As someone not involved in tech at all, this was still quite mind blowing to me, and despite having concerns that someone could own my face entirely dispelled, I stated the cliched obvious – it is all a bit Black Mirror isn’t it? “I hear that in the shop about ten times a day,” James said. “It’s far less Black Mirror than picking up your phone, having it scan your face and send that data to a big server in America and then selling you ads and monitoring where you are and all that stuff. What we’re doing is opt in rather than opt out, nobody has to do it at all. Everyone’s getting paid, and has the right to access their data and be forgotten. We’re trying to come at it with an ethical nature.”
They’re the leaders in this niche, but are trying to pave the way for an ‘opt in’ rather than ‘opt out’ culture when it comes to data and what companies can use and sell of ours. And as someone who at best skims through terms and conditions, this is a shift I’d like to see. “It’s probably wishful thinking, it’s a nice idea, but realistically people like Facebook and Google probably aren’t going to care. Maybe I’ll do a TED Talk in five years and say ‘we tried guys’
“It’s so new, so if people are a bit scared of it, I really don’t blame them. And we always say to people our default position is if you come in and you’re unsure, just don’t do it, we don’t want you. We don’t want to take something from you that you don’t want to give.”
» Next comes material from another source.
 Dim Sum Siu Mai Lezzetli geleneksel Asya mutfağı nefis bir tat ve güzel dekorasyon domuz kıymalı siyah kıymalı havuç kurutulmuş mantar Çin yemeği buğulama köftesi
In terms of data protection, they really do have their backs covered as well as everyone who participates in the project. They spent a year planning The Sapiens Project, working with three lawyers and data protection officers who work with the police force. All their servers are encrypted, nothing is stored off site or on the cloud or anything, all faces are completely anonymised and information that is briefly kept is GDPR compliant. “We really went to town on it. Everyone in the team has done data protection training, our data protection officer has had extra training, and is a coder as well, so is embedded in all the work that we do. It’s as secure as it can be in terms of data.”
But as artists leading an ethical company, the idea of training AI with this record database seemed a counterintuitive idea. AI is notorious now for stealing from artists to erase their jobs and creativity, but James agreed.
“What some AI companies have done to the art world is nasty, they’ve used artists art against them and monetised a product that actively competes with concept artists and you hear all the time about that, and of companies cutting art departments massively. But with Sapiens, let’s say the argument is that it’s going to take artists’ jobs: like a team of 100,000 artists that can sit in a room and sculpt every single person who wants their face in a game’s face. It’s not taking anyone’s jobs because that just doesn’t exist.
“And the other thing is that character makers have been around for about ten years, they’ve always existed and artists have always used them, so even if we took Sapiens and made a system that the public could use or artists could use to generate their own heads, it wouldn’t take any jobs. There’s maybe four artists in the world who can sculpt photorealistic humans, and that would be like maybe £3,000, takes forever and there aren’t enough people to do it. We’re just streamlining a process.
The Sapiens Project feels like a paradox in a world where our data is often taken without permission: a voluntary, opt-in approach to sharing your likeness in an ethically-driven, artist-led initiative. While it may raise questions about privacy and the limits of tech, it also sets a precedent for how AI and gaming could evolve responsibly and excitingly. Whether you see it as dystopian or groundbreaking, it’s clear that our faces might be the last frontier of the digital economy, but the question is, are you willing to sell yours? For the Sapiens Project at least, the choice is entirely yours.